To produce the number of vials and syringes needed for a coronavirus vaccine, medical suppliers will need to increase manufacturing shifts and overtime for their employees, as well as collaborate with U.S. and foreign trade authorities to expedite shipments and shorten lead times.
A handful of manufacturers are based in the U.S., but many still have to import the glass tubing for vials, polypropylene for syringes and rubber or silicone for small parts like the stoppers and plungers in these devices. Becton Dickinson & Company, one of the world’s largest manufacturers of needles and syringes, said it made nearly all components of its needles and syringes in-house in the United States. Other companies may source from their factories and partners located largely in China and India, where lockdowns and export bans have already decreased production and exports.
Although syringe manufacturing is mostly automated, with parts like the barrel and plunger made from a mold and put together on an assembly line, Dr. Yadav said manufacturers in India had told him fewer employees were able to work than needed for full capacity.
At least 69 countries have also banned or restricted the export of medical devices, medicines and protective equipment, according to the Global Trade Alert project at the University of St. Gallen in Switzerland, because of their own needs during the pandemic. Manufacturers of medical syringes may have to find new supply channels, including partnerships with glass and plastic manufacturers that operate outside of the health care industry.

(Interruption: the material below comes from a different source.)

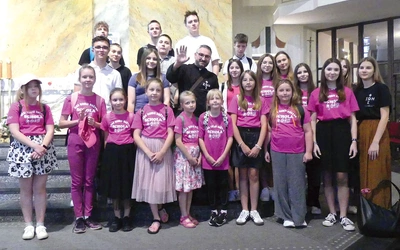 Wśród oazowiczów byli również najmłodsi z Oaz Dzieci Bożych (na zdjęciu grupa z Buczkowic z ks. G. Piekiełką).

Some lawmakers are concerned that without more federal coordination, individual companies will not have the capacity to match vaccine delivery to the overwhelming demand.
“The Trump administration needs to prepare our domestic supply chain now for the delivery of an eventual vaccine that will need to be delivered to the entire country,” Senator Shaheen said. “It’s vital that federal agencies exercise better foresight so that we don’t see supply shortages like we continue to experience for testing and protective equipment.”